_What is expected_. All of the records below must be reproduced exactly, minus any pictures.

[Dataset items]
----------------

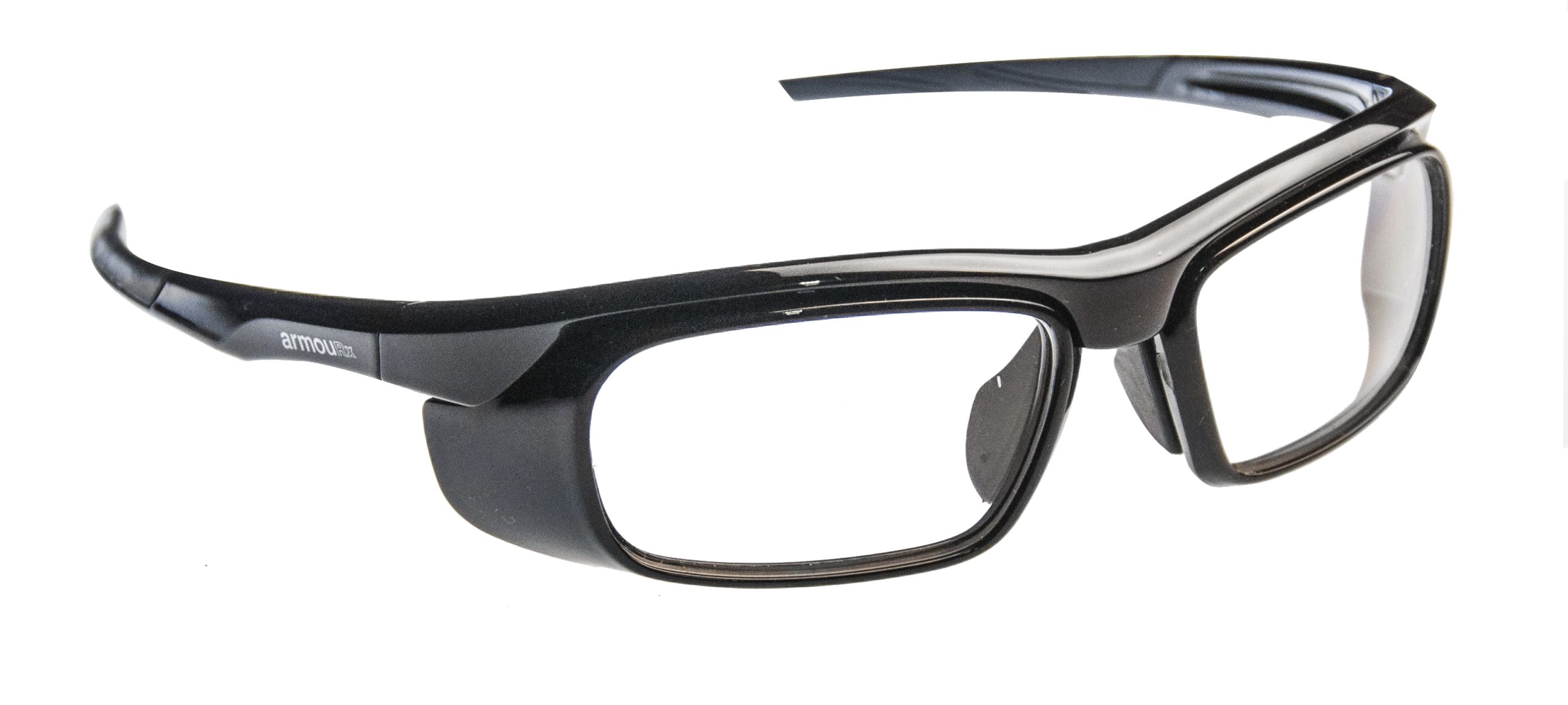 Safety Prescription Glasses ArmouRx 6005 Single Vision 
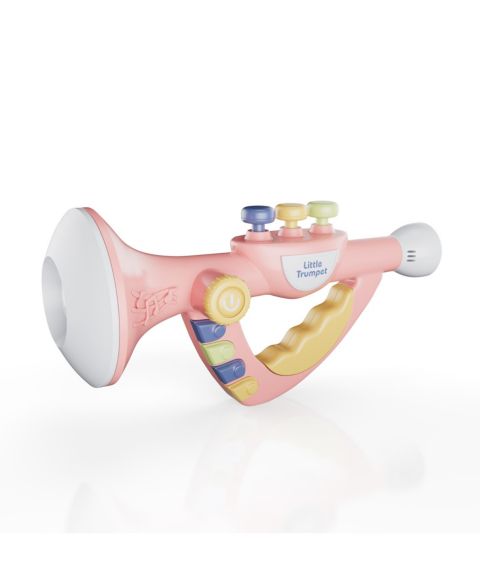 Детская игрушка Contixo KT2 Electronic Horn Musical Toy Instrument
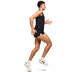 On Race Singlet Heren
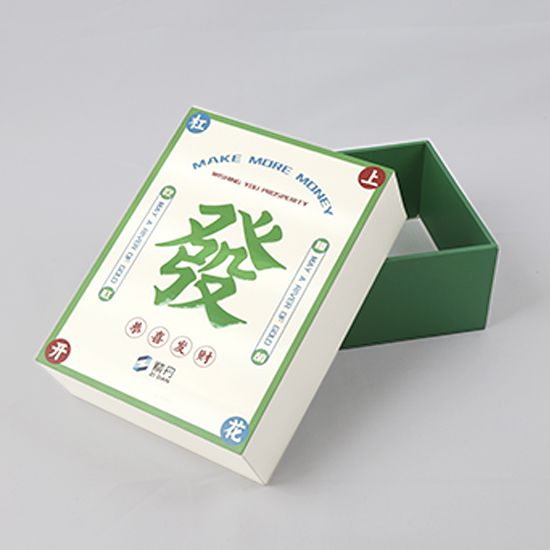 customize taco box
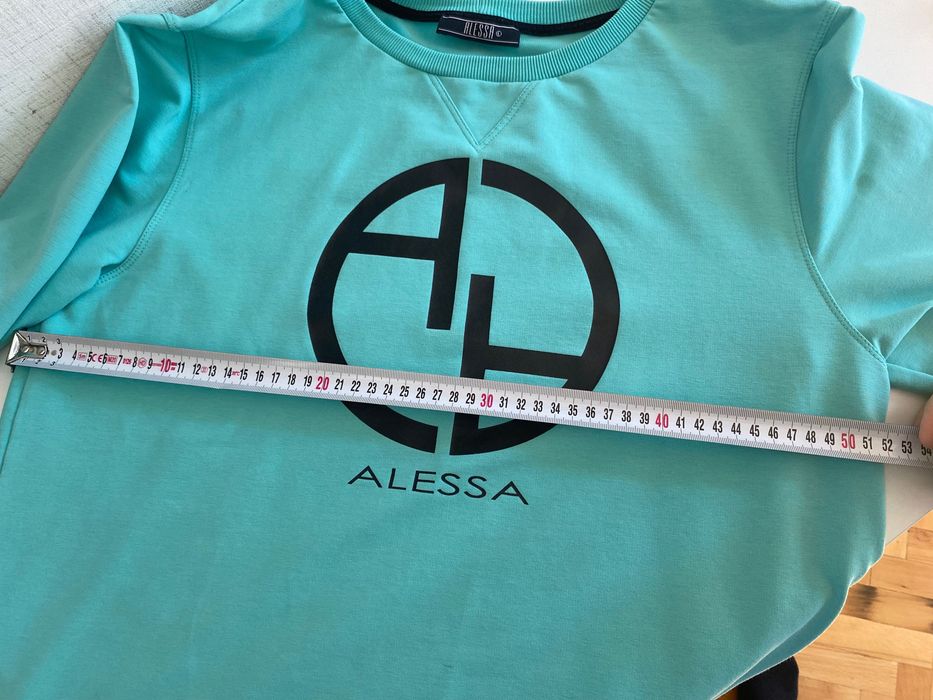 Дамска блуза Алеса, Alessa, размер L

----------------

_Solution_.
 Safety Prescription Glasses ArmouRx 6005 Single Vision 
 Детская игрушка Contixo KT2 Electronic Horn Musical Toy Instrument
 On Race Singlet Heren
 customize taco box
 Дамска блуза Алеса, Alessa, размер L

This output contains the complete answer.